Cada tempo é uma narrativa independente incapaz de estabelecer a relação de causa e efeito. Ou sequer a relação de suspense.
O passado não é o mistério que se vai revelando do presente, é apenas a narração por uma via diferente daquilo que haveria de estar a ser descoberto em paralelo a Libby.
Os pontos de vista estão desligados entre si por não serem da mesma pessoa e não trazerem revelações à imatura (e não dilacerada) Libby: sobre o que aconteceu e sobre si mesma.
Enredada na teia dos pontos de vista da família Day, Flynn acaba por ter de recorrer à adição de um capítulo isolado narrado por um personagem que até aí não foi mais do que uma referência breve.
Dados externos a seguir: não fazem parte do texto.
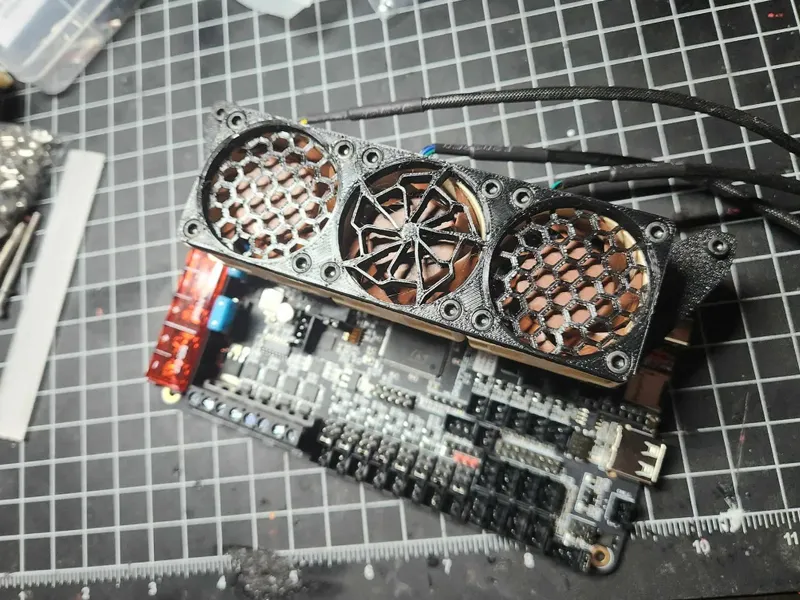 Octopus 1.1 / Pro Triple Fan Cooler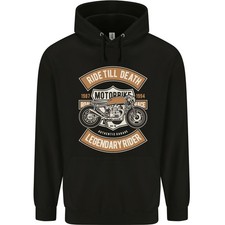 Ride Till Death Biker Moto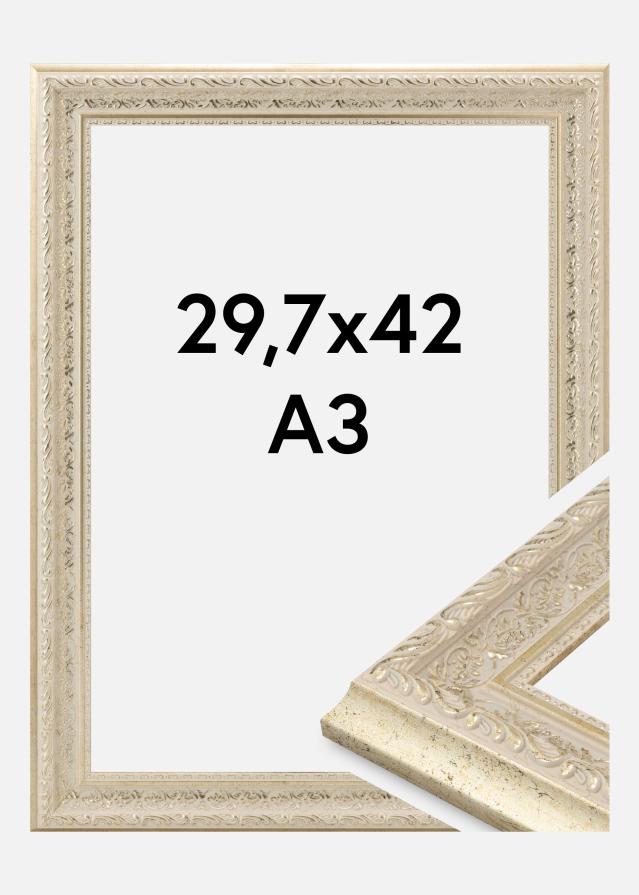 Jämtlands Ramfabrik Rahmen Toro Acrylglas Sand 29,7x42 cm (A3)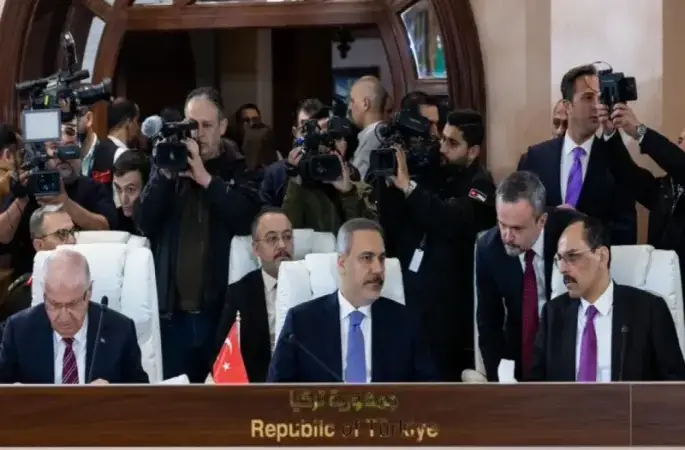 Dışişleri Bakanı Fidan: "Gazze, Filistin toprağıdır ve öyle kalacaktır"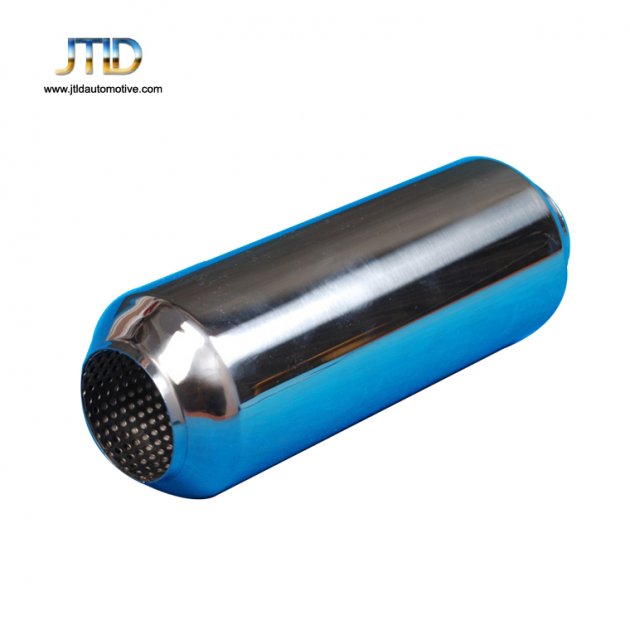 JTM003  Universal Car Stainless Steel  Exhaust Muffler 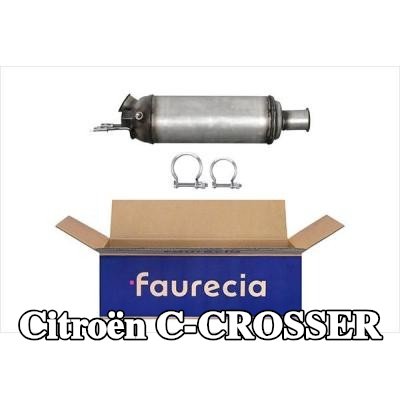 HELLA مرشح جسيمات الديزل مخصص للسفر لمسافات طويلة في الغالب, مع قطع التركيب — Citroën C-crosser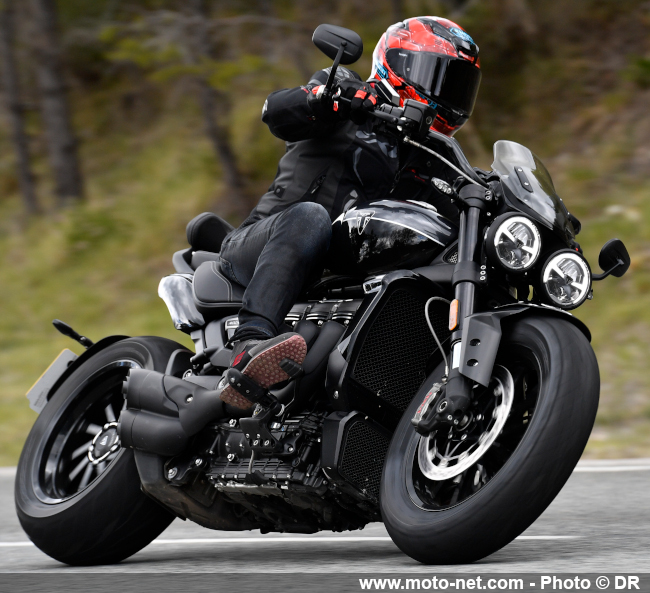  Essai Rocket 3 Storm R et GT 2024 : Triumph vous décomplexe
A única maneira de o fazer existir para o efeito que serve à autora é esse, o que faz dele mais sortudo do que diversas outras personagens com mais presença mas com o mesmo (ausente) grau de elaboração.
Não há personagem que não seja composta de forma incompleta, limitadas a um estado emocional primário que não justifica os seus comportamentos.
A autora anda à procura desse feminismo em que as mulheres podem ser tão horríveis como os homens. Se consegue igualizar os sexos é porque torna todos em personagens egoístas em seu próprio prejuízo e, talvez no único traço aceitável para a vilania, impetuosos sem reflexão prévia ou posterior.
Surgem para pequenos desvios por caminhos tenebrosos da natureza humana que não têm reflexo na história como um todo, apenas tentar manter questões em aberto sobre a autoria do crime.
Os personagens são irracionais em benefício da trama e não se comportam em função de si mesmos.
Essa trama morosa e pouco chamativa que se vale de uma revelação que promove ainda mais a consciência da arbitrariedade de comportamentos.
Malabarismo de má qualidade para um efeito surpresa de uma categoria que o jargão Inglês bem caracteriza com um she pulled it out of her ass.
Uma solução em modo múltiplo que surge sem que nada mais do que uma referência lhe tenha sido dirigida ao longo do livro.
Fosse tudo isto envolto numa ambiência rica e algo poderia ser diferente, mas algumas intensas descrições que pontuam o livro não compensam a secura com que ela trata a linguagem dos personagens e que torna as suas vozes todas iguais.
No fundo o mergulho nas trevas é alcançado por Gillian Flynn. Apenas não pelo que escreve, pela própria experiência de o ler.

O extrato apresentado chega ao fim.